Let $f:\mathbb{R}^n\to\mathbb{R}$ be a smooth function whose partial derivatives do not simultaneously vanish on the zero locus $Z(f)$. I have shown that the gradient vector field $\text{grad}f=\sum\frac{\partial f}{\partial x^i}\frac{\partial}{\partial x^i}$ is a unit normal vector field to the surface, when divided by its norm. I am then asked to compute the volume form on $Z(f)$, with the following in mind:
an orthonormal frame $(e_2,...,e_n)$ at $p\in Z(f)$ is said to be positively oriented if and only if $(X,e_2,...,e_n)$ is positively oriented for $T_p\mathbb{R}^n$.
The main way that I know of computing the volume form, is to find an orthonormal frame, take the dual frame, and then compute the interior multiplication with a unit normal vector field on the surface.
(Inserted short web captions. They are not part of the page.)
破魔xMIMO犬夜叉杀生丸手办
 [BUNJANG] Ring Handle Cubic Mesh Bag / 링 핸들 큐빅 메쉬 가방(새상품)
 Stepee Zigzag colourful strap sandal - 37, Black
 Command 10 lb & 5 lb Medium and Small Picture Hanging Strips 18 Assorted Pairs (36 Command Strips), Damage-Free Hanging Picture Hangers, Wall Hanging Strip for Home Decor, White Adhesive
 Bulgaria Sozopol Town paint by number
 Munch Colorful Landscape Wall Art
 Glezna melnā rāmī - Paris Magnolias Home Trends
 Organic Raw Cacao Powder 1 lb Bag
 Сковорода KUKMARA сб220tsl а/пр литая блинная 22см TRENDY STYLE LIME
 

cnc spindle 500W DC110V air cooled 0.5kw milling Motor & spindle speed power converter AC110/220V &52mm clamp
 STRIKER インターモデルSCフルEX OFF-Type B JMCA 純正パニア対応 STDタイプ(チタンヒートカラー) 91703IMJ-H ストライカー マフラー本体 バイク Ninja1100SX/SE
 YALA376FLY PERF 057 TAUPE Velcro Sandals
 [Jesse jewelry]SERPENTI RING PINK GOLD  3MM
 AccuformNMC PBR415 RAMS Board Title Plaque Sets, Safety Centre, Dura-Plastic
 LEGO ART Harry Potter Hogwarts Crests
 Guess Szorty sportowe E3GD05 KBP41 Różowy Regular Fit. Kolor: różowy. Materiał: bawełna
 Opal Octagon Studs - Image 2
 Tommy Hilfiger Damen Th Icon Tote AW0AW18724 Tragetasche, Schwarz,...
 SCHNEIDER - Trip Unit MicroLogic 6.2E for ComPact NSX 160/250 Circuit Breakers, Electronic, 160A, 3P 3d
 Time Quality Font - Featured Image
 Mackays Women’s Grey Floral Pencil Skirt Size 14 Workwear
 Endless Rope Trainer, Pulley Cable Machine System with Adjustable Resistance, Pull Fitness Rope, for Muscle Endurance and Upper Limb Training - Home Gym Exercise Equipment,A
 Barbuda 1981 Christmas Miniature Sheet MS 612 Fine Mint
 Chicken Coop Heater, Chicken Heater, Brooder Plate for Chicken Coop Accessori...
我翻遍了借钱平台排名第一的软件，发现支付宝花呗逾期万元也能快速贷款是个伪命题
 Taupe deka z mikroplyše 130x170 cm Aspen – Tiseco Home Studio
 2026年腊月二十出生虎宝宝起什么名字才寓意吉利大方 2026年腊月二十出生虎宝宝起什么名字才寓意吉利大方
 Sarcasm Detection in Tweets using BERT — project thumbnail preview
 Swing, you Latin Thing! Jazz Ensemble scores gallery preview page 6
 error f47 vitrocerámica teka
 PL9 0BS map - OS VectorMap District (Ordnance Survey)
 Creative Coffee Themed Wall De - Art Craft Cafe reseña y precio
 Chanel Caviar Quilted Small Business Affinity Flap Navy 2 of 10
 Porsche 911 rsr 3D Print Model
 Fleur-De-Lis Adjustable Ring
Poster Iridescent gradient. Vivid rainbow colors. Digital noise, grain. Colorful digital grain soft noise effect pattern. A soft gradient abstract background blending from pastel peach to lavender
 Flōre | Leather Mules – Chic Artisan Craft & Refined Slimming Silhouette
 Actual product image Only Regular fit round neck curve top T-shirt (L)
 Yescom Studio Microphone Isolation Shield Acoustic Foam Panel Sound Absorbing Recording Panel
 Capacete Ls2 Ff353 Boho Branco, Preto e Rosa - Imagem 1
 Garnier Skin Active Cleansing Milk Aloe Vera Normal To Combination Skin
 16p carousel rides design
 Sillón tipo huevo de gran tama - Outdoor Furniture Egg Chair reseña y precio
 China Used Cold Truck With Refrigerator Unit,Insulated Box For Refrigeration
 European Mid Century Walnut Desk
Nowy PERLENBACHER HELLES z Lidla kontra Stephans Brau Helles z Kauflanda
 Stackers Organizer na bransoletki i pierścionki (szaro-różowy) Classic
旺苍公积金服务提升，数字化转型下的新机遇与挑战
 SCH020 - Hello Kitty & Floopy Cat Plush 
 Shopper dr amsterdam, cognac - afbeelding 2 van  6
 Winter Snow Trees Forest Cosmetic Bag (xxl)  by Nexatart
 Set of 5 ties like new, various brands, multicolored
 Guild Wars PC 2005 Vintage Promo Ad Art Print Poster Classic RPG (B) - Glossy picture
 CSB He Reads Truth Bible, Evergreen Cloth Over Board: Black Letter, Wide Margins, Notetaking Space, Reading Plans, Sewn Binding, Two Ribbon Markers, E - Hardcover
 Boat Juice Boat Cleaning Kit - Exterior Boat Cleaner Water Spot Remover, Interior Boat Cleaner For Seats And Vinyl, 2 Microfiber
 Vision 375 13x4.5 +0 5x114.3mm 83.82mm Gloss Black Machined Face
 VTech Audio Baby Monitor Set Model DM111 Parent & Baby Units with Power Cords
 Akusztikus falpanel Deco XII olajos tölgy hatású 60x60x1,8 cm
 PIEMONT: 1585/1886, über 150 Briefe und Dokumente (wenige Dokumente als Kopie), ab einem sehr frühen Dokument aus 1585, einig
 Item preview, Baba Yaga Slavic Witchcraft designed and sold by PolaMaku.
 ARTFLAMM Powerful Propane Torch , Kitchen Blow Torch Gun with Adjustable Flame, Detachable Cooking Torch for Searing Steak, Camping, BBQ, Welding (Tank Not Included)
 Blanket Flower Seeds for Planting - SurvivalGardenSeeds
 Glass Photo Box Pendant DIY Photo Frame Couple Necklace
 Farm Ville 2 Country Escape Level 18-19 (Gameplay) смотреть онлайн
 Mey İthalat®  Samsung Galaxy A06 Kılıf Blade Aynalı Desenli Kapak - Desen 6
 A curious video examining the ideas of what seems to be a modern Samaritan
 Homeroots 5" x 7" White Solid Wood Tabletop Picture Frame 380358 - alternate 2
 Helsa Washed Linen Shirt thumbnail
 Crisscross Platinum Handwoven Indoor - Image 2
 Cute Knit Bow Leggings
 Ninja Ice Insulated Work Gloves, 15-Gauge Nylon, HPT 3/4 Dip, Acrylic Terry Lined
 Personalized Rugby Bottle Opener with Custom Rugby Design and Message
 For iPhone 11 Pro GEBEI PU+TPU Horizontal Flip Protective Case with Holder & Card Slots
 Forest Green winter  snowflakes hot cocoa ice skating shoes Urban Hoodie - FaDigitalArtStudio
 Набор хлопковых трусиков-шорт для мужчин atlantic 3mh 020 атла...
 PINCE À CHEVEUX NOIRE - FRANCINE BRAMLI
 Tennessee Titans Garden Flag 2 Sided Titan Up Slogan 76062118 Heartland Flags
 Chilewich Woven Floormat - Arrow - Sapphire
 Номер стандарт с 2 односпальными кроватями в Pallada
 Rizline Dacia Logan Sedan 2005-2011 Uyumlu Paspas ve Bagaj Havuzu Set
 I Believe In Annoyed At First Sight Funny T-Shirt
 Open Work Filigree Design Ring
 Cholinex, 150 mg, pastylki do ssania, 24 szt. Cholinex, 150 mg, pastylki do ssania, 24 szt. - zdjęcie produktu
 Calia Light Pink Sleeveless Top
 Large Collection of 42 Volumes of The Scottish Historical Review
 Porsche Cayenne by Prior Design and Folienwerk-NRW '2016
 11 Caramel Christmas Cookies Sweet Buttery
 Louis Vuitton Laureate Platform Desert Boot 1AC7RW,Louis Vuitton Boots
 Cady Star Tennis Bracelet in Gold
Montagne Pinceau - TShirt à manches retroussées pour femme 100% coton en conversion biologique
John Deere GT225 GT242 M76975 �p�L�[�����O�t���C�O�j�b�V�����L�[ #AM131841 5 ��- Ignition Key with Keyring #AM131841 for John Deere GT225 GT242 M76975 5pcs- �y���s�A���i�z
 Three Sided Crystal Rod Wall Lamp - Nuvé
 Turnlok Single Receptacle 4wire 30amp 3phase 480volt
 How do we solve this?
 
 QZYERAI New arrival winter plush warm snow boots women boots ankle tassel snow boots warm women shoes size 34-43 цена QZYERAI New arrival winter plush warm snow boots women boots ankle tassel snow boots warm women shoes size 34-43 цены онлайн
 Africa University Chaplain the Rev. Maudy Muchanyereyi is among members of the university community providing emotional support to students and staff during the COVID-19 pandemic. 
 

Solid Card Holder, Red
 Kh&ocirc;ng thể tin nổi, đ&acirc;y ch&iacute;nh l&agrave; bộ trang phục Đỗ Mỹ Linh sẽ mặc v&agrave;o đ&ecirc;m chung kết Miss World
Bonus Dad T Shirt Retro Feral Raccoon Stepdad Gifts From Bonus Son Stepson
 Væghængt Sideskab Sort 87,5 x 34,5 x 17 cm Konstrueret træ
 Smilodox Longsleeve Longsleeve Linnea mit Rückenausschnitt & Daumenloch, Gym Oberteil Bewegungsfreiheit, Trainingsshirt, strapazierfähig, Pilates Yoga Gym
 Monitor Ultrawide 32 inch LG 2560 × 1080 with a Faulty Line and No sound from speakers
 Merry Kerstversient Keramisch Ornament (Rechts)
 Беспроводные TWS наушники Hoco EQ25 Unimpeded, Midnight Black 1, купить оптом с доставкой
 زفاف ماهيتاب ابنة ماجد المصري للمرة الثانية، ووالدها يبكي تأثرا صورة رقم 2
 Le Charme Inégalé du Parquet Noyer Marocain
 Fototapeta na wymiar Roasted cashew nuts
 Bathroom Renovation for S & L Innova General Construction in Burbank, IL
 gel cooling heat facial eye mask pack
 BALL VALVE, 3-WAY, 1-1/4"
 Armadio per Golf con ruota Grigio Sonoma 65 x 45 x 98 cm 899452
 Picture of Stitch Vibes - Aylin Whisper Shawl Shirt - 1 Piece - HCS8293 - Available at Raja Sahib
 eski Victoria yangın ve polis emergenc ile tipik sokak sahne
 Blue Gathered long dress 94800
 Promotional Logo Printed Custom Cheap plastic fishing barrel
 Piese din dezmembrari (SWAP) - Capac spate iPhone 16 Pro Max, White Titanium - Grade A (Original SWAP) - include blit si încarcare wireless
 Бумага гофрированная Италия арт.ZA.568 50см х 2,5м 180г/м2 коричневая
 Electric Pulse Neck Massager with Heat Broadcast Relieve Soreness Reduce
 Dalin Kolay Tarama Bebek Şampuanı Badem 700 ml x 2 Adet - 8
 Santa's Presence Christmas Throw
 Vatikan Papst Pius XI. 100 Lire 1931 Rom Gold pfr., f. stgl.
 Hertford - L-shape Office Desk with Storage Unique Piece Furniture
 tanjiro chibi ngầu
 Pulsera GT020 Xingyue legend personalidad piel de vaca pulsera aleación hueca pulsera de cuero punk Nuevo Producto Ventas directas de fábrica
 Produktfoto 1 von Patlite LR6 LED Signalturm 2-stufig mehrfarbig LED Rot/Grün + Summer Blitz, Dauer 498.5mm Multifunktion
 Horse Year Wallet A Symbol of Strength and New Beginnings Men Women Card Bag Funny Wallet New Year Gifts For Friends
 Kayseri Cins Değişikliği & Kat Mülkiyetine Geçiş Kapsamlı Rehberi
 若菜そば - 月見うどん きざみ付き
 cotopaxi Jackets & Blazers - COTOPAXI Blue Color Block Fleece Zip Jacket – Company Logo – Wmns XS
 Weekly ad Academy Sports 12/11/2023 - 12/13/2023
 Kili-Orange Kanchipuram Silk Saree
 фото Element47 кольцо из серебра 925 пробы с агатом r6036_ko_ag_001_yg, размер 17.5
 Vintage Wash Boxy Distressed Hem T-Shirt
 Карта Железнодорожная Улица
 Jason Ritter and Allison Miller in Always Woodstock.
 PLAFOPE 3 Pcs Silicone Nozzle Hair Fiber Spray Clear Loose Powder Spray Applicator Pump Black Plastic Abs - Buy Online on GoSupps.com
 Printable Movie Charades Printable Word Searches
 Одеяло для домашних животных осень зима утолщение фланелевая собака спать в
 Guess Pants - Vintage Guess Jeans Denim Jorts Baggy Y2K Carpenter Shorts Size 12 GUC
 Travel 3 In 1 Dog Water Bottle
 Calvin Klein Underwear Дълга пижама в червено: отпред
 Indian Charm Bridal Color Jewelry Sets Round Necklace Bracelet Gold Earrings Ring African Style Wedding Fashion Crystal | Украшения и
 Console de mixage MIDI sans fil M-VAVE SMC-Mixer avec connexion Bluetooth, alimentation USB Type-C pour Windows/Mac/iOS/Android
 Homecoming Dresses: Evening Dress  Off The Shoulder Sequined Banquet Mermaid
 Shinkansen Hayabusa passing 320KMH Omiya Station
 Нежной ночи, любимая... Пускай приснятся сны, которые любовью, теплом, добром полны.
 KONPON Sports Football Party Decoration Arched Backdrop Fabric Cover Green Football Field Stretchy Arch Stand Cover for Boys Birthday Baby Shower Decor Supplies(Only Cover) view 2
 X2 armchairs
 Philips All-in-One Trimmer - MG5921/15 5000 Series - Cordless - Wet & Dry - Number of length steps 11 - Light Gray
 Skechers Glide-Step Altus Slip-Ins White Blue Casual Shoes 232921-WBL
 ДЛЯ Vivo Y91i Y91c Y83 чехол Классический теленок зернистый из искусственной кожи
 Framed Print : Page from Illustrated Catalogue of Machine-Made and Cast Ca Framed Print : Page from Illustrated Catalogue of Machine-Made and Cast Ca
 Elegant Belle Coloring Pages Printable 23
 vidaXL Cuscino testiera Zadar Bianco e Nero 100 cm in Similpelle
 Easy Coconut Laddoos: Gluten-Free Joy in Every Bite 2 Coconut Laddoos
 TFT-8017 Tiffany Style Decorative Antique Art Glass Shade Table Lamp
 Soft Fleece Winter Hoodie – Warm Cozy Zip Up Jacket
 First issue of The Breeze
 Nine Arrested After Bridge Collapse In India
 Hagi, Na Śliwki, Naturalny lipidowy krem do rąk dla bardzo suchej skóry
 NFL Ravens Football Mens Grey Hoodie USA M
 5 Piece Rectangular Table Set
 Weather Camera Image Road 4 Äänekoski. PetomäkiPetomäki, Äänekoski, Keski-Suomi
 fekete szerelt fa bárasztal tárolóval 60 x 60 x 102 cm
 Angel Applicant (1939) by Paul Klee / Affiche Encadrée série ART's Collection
In fact, other methods have not been presented in the book thusfar. However, it doesn't seem to me that I have enough information to be able to compute the volume form, explicitly. Am I mistaken? If yes, what am I missing, and if not, what else could the question be asking?

Answer 1

You should know the following convenient formula, which follows immediately from what you've said. If $\vec A = (a^1,\dots,a^n)$ is the unit normal to oriented hypersurface [I would usually use $\vec n$, but that doesn't work too well with our being in $\Bbb R^n$.], then the volume form for the hypersurface is $$\sigma = \sum_{i=1}^n (-1)^{i-1} a^i dx^1\wedge\dots\wedge\widehat{dx^i}\wedge\dots\wedge dx^n.$$